- ASSIGNMENT
Using the listing below, output only the lines from the one that contains "vidaXL Highboard VIKEN" through the one that contains "One World XXL", inclusive, exactly as given and without images.

- DATASET CONTENT

+++

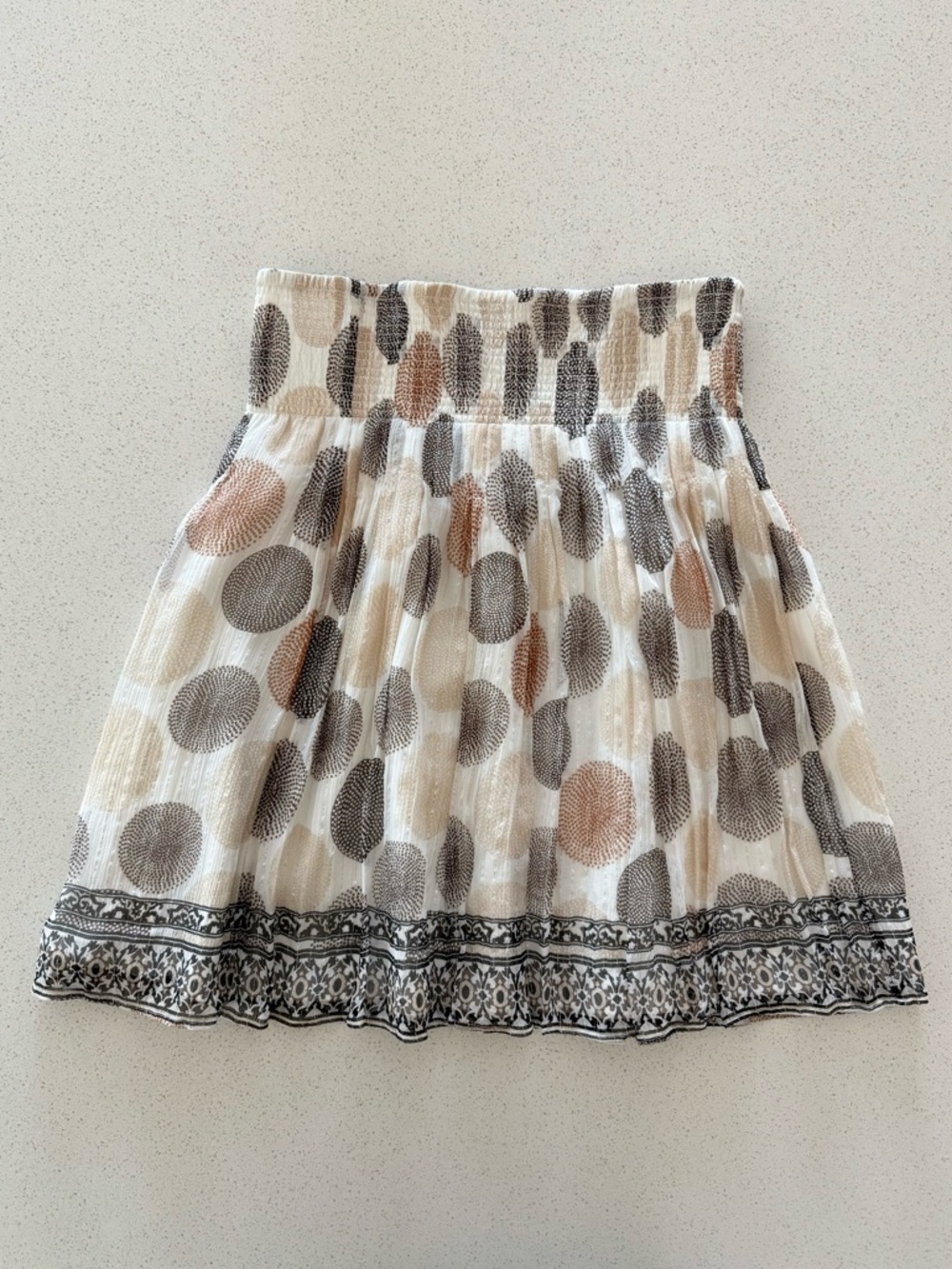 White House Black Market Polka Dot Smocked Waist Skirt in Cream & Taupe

+++

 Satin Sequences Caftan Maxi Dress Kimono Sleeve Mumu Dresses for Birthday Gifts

+++

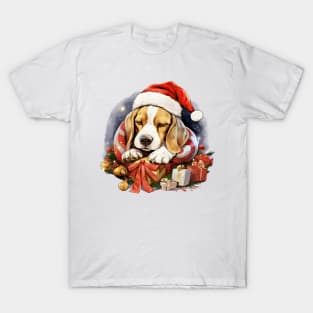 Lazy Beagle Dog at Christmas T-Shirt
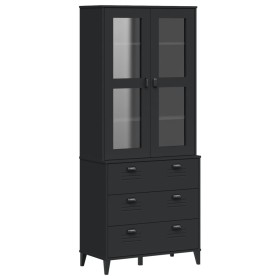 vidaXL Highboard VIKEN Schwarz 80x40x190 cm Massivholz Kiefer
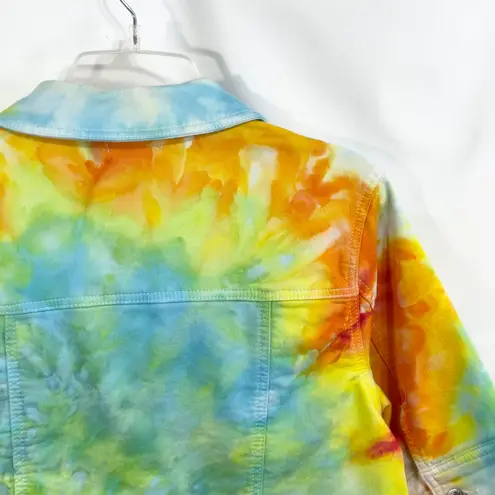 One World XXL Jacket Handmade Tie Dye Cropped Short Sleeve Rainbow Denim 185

+++

- ANSWER TO THIS TASK
 vidaXL Highboard VIKEN Schwarz 80x40x190 cm Massivholz Kiefer
 One World XXL Jacket Handmade Tie Dye Cropped Short Sleeve Rainbow Denim 185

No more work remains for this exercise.